How long does it take for AWS S3 to save and load an item? (We can freeze our website when document is being saved to S3)

It's not only that you will not find the exact time anywhere - there's actually no such thing exact time. That's just what "eventual consistency" is all about: consistency will be achieved eventually. You can't know when.

If somebody gave you an upper bound for how long a system would take to achieve consistency, then you wouldn't call it "eventually consistent" anymore. It would be "consistent within X amount of time".


The problem now becomes, "How do I deal with eventual consistency?" (instead of trying to "beat it")

To really find the answer to that question, you need to first understand what kind of consistency you truly need, and how exactly the eventual consistency of S3 could affect your workflow.

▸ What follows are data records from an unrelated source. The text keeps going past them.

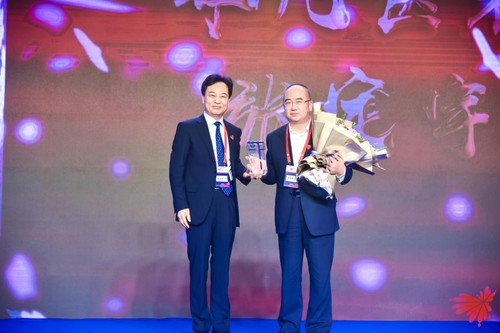 赵玉沛院士为张定宇院长颁奖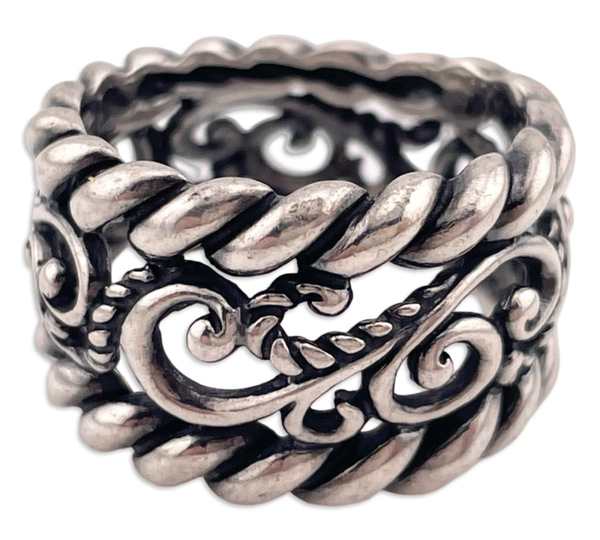 size 7.75 sterling silver Carolyn Pollack swirl ring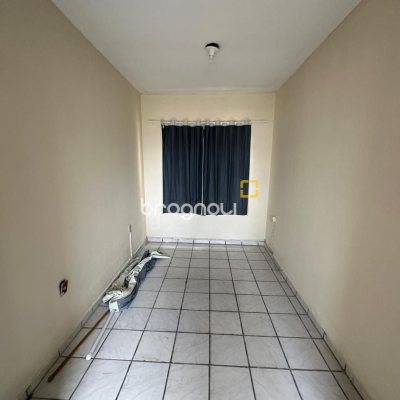 Casa com 175m², 6 quartos, 2 garagens, no bairro Beira Mar Norte em Florianópolis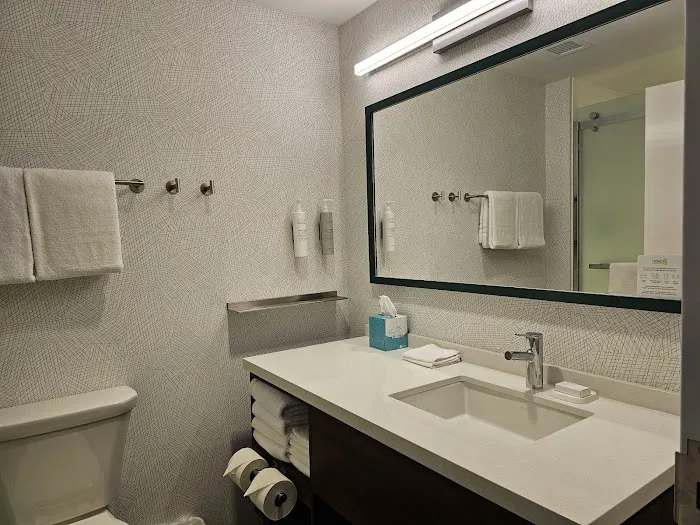Home2 Suites by Hilton Stevens Point 4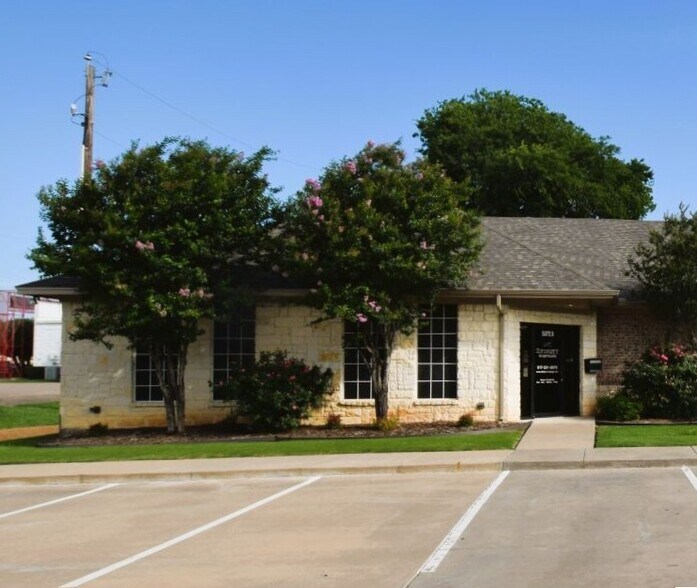 121 NW Newton Dr, Burleson, TX à vendre - Photo de l’immeuble – Image 3 sur 35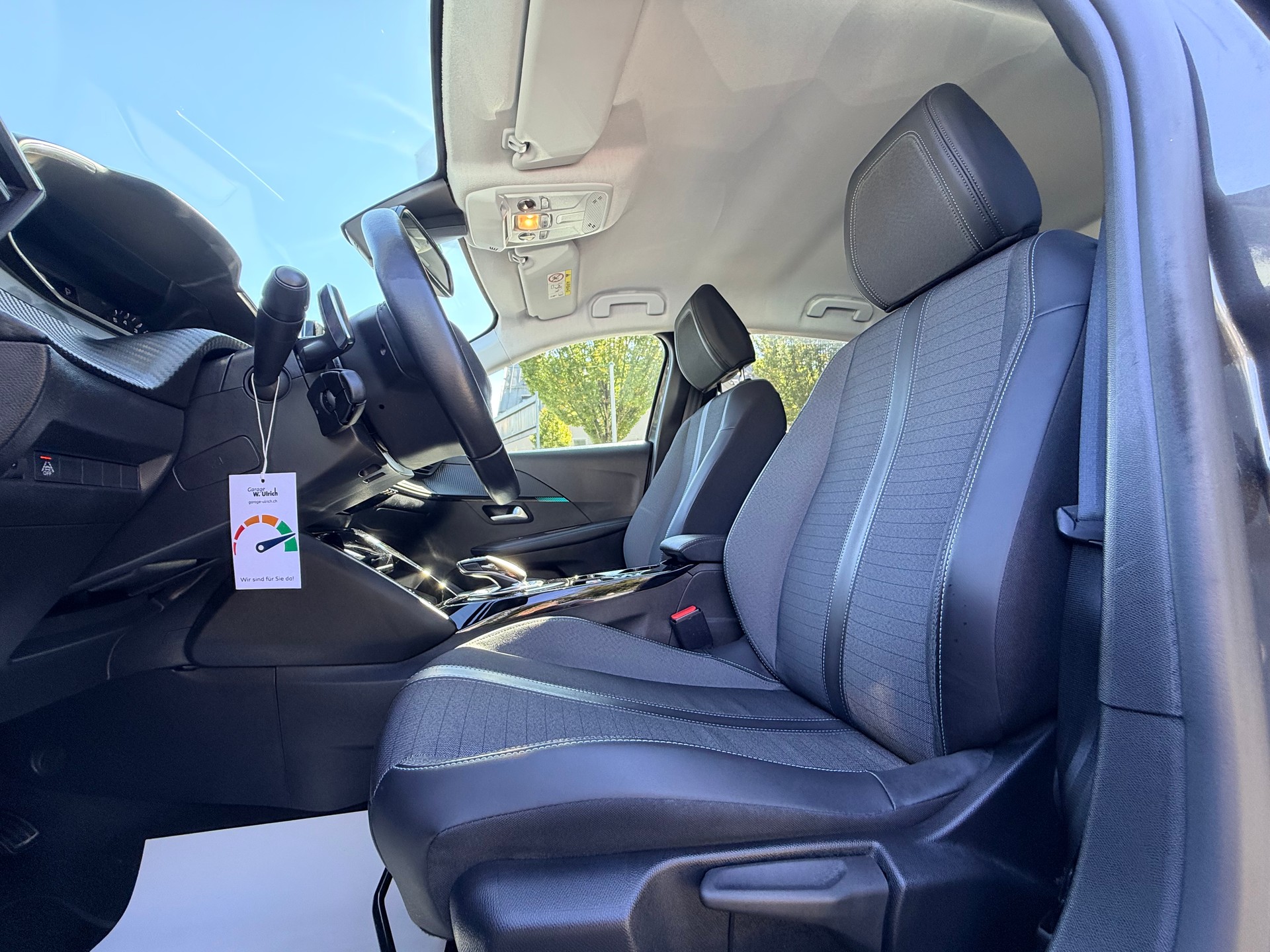 PEUGEOT 208 1.2 PureTech Active Pack EAT8-image-17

Based on your description, I understand that you would write a total of 7 times to S3, once for each step you have. For the first write, as you correctly cited the FAQs, you get strong consistency for any reads after that. For all the subsequent writes (which are really "replacing" the original object), you might observe eventual consistency - that is, if you try to read the overwritten object, you might get the most recent version, or you might get an older version. This is what is referred to as "eventual consistency" on S3 in this scenario.

A few alternatives for you to consider:

  • don't write to S3 on every single step; instead, keep the data for each step on the client side, and then only write 1 single object to S3 after the 7th step. This way, there's only 1 write, no "overwrites", so no "eventual consistency". This might or might not be possible for your specific scenario, you need to evaluate that.

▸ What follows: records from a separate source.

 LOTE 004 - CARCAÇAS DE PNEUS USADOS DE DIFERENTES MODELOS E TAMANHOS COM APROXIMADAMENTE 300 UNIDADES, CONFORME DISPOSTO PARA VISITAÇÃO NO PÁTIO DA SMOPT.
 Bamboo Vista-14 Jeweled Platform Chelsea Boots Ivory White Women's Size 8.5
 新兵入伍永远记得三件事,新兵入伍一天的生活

  • alternatively, write to S3 objects with different names for each step. E.g., something like: after step 1, save that to bruno-preferences-step-1.json; then, after step 2, save the results to bruno-preferences-step-2.json; and so on, then save the final preferences file to bruno-preferences.json, or maybe even bruno-preferences-step-7.json, giving yourself the flexibility to add more steps in the future. Note that the idea here to avoid overwrites, which could cause eventual consistency issues. Using this approach, you only write new objects, you never overwrite them.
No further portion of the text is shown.